**Try it**
Word for word, retype the lines from the one containing "Gray cross-border bestseller" to the one containing "Klarstein Arabica Comfort" below, keeping both end lines and dropping the pictures.

**Data section**
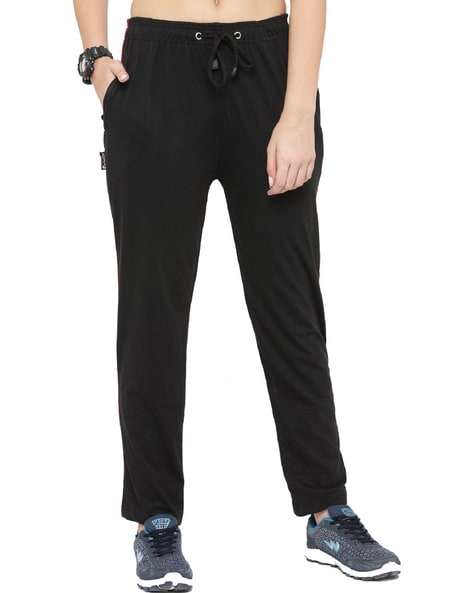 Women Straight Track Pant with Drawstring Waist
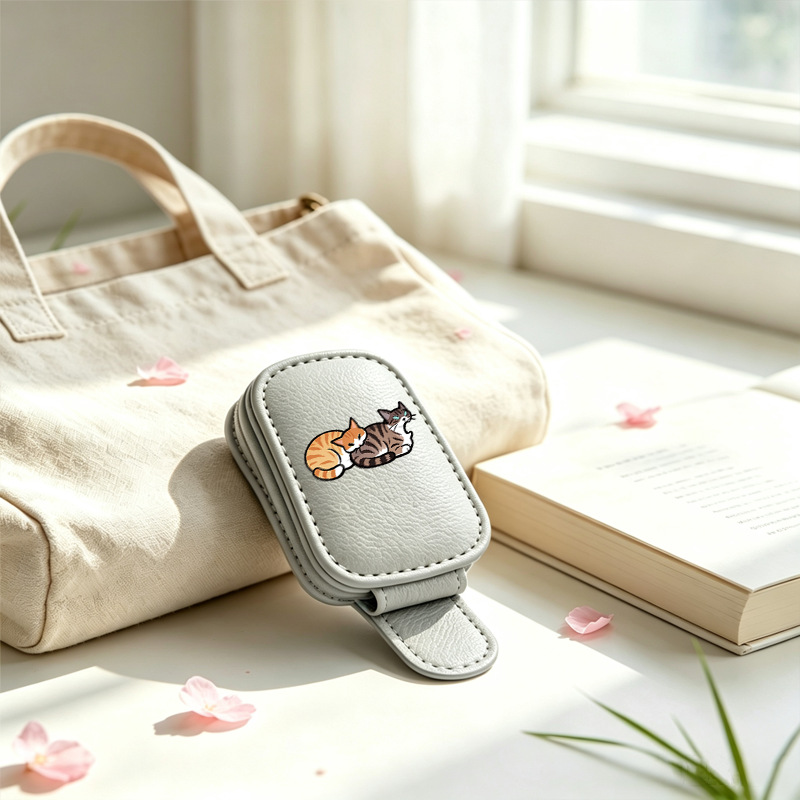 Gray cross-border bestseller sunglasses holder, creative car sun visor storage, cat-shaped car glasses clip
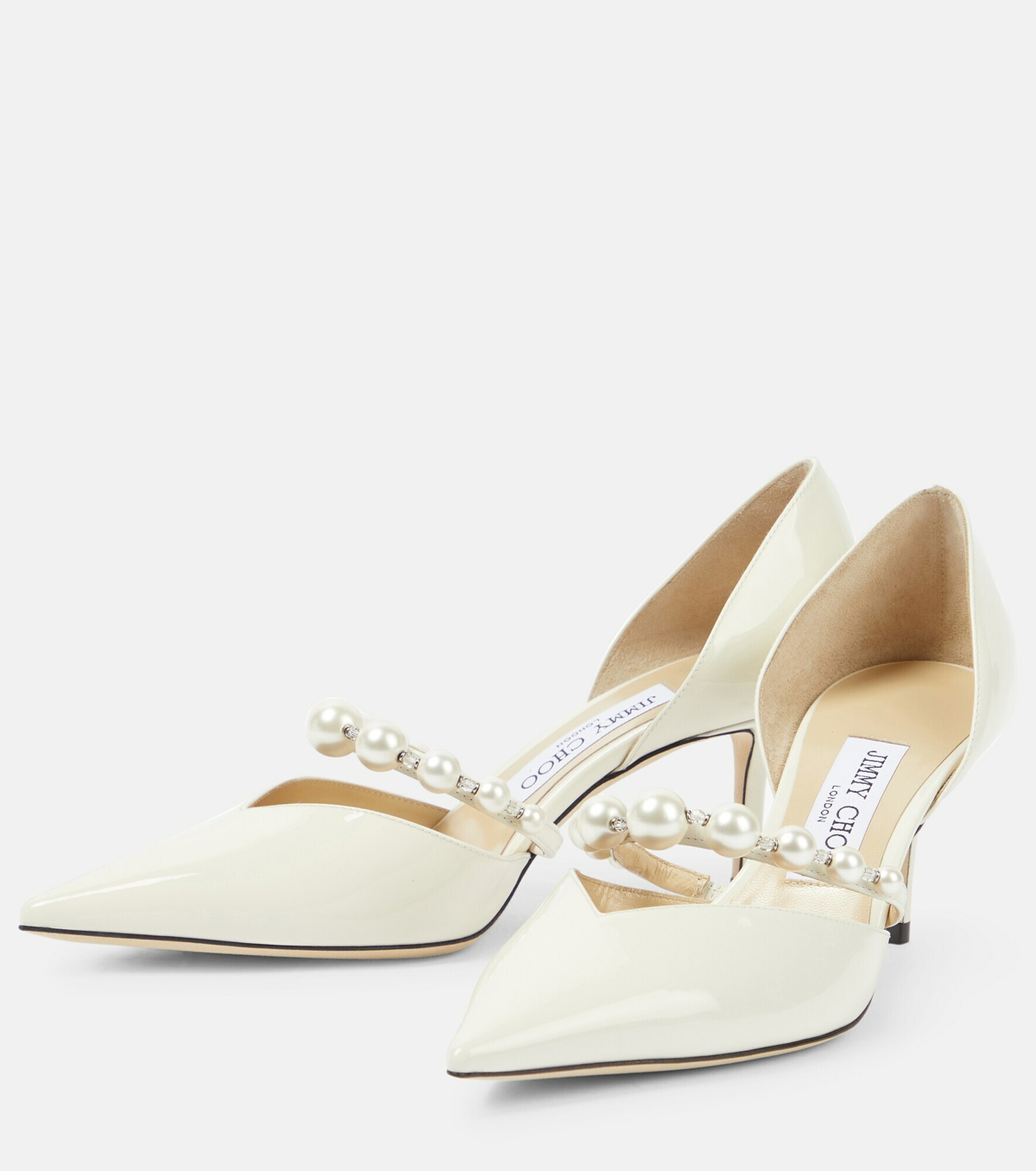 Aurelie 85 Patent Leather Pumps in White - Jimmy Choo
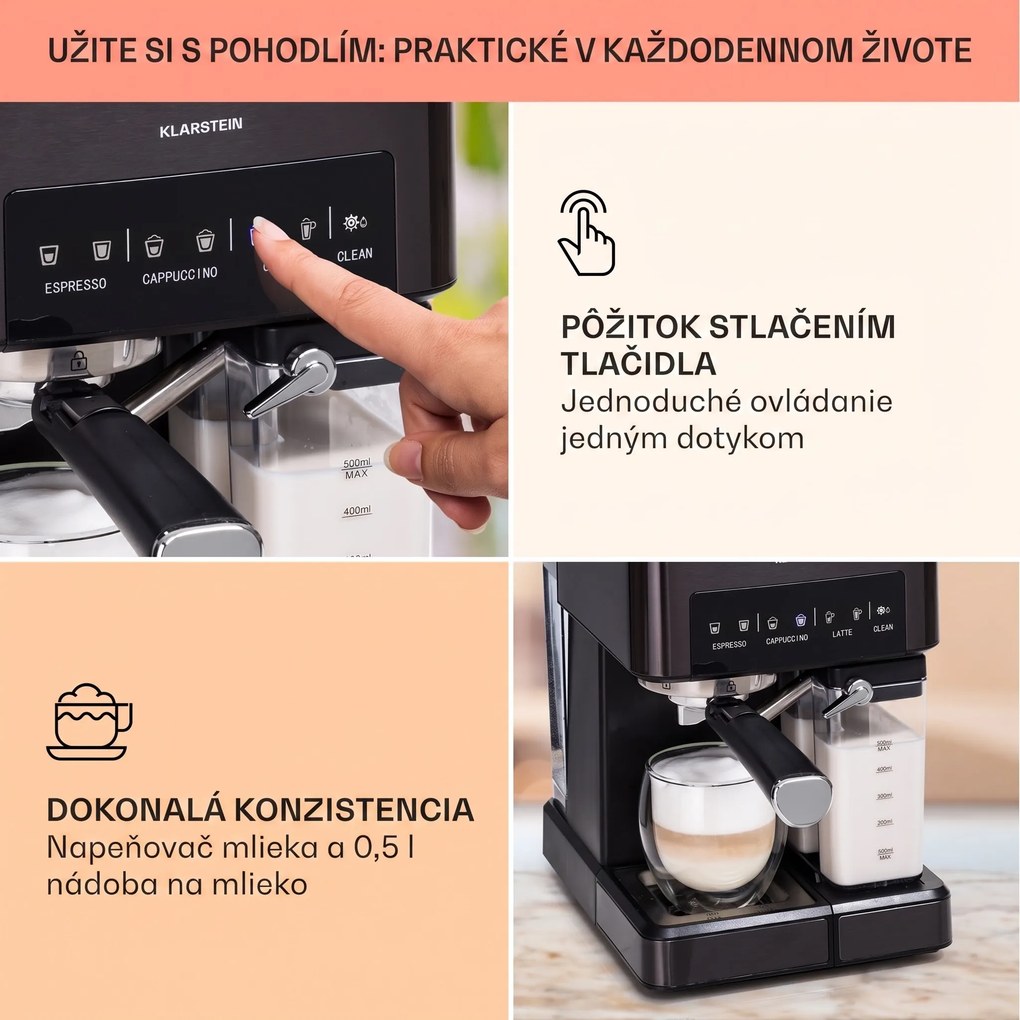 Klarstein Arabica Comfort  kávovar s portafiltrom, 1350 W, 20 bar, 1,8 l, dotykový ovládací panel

--

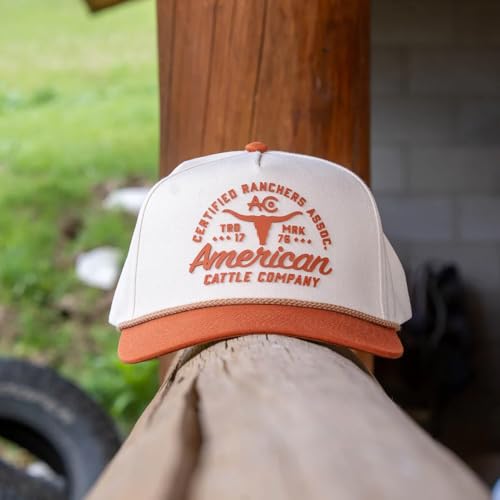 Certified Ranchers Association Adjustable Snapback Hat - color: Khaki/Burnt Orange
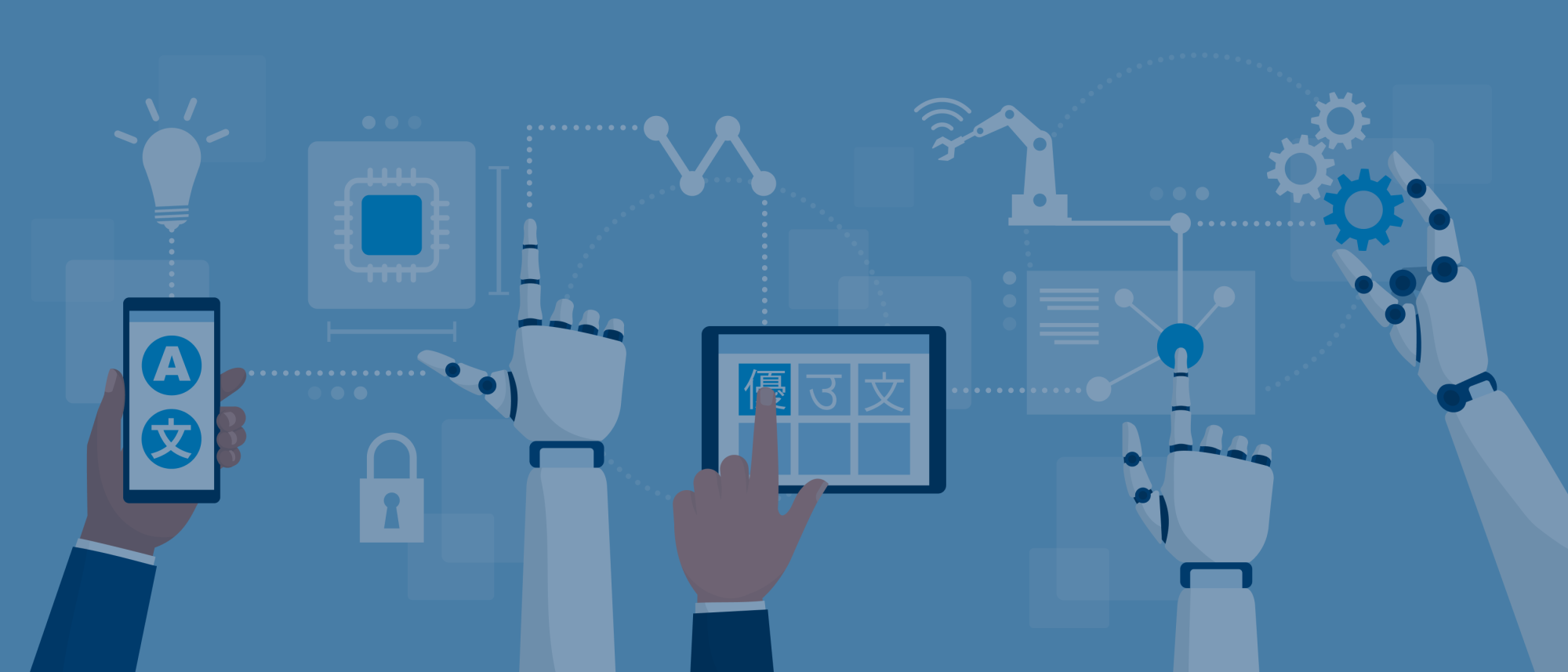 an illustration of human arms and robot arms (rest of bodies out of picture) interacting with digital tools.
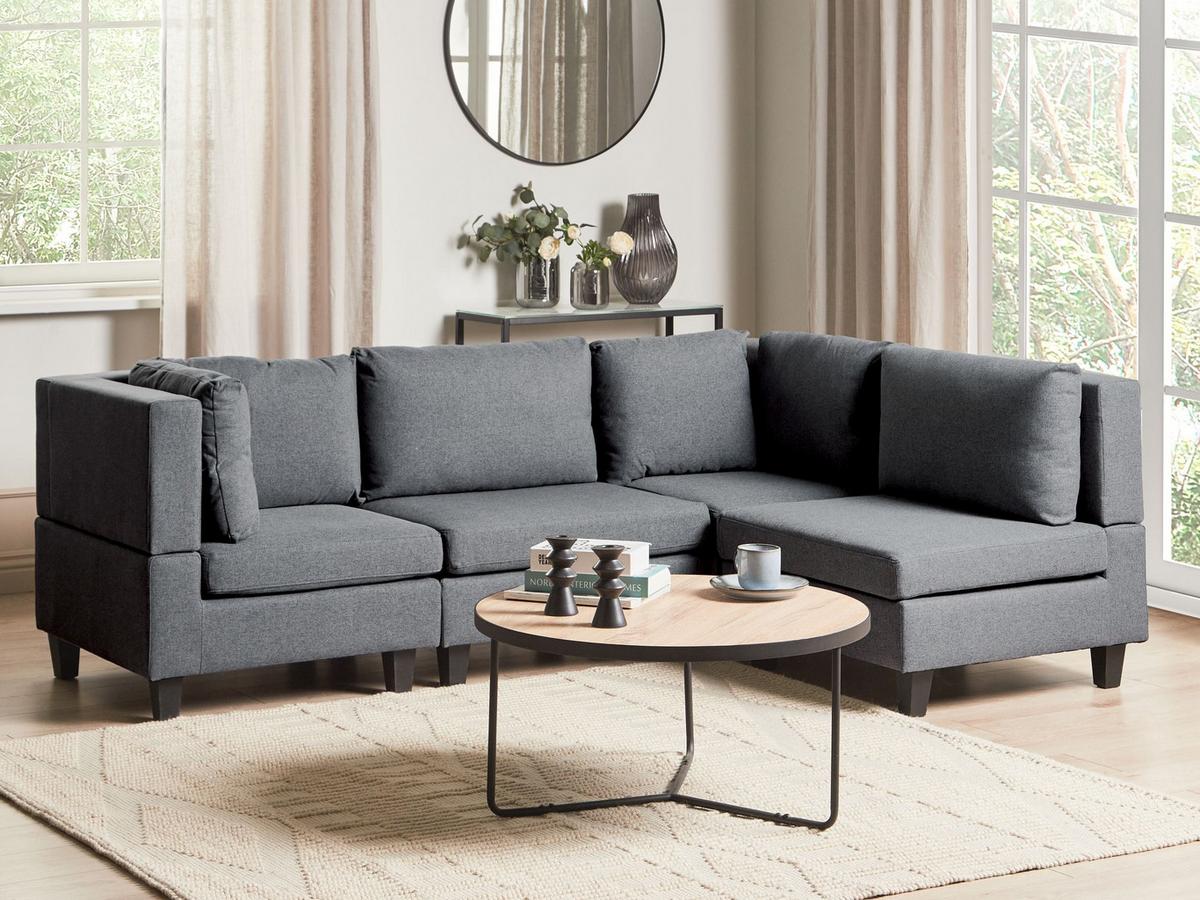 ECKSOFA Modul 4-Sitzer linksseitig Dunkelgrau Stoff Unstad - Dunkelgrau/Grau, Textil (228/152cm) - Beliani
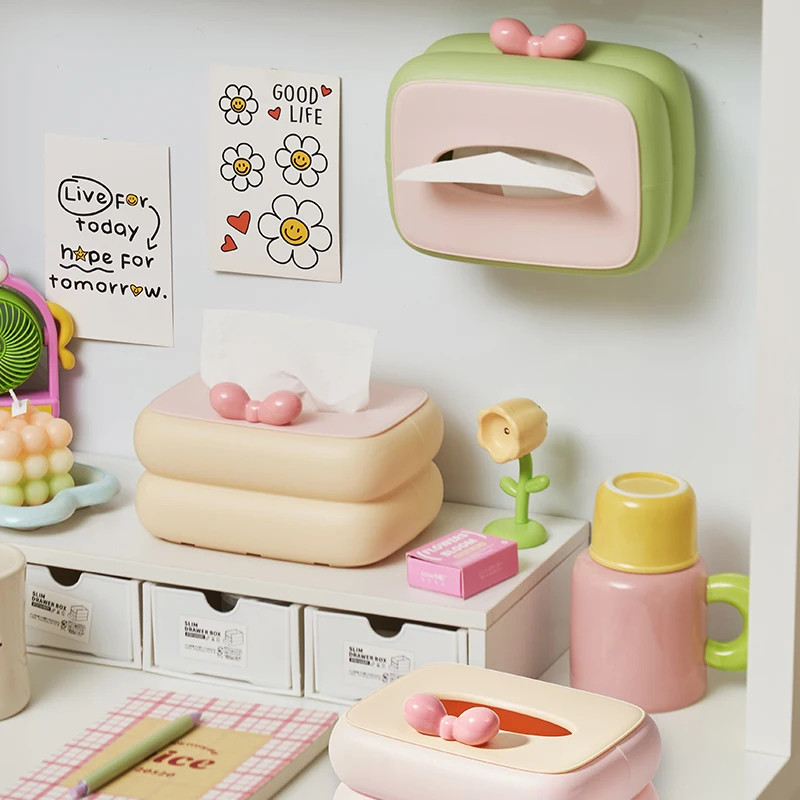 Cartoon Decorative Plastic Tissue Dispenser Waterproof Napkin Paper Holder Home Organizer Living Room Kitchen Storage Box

**Response for this exercise**
 Gray cross-border bestseller sunglasses holder, creative car sun visor storage, cat-shaped car glasses clip
 Aurelie 85 Patent Leather Pumps in White - Jimmy Choo
 Klarstein Arabica Comfort  kávovar s portafiltrom, 1350 W, 20 bar, 1,8 l, dotykový ovládací panel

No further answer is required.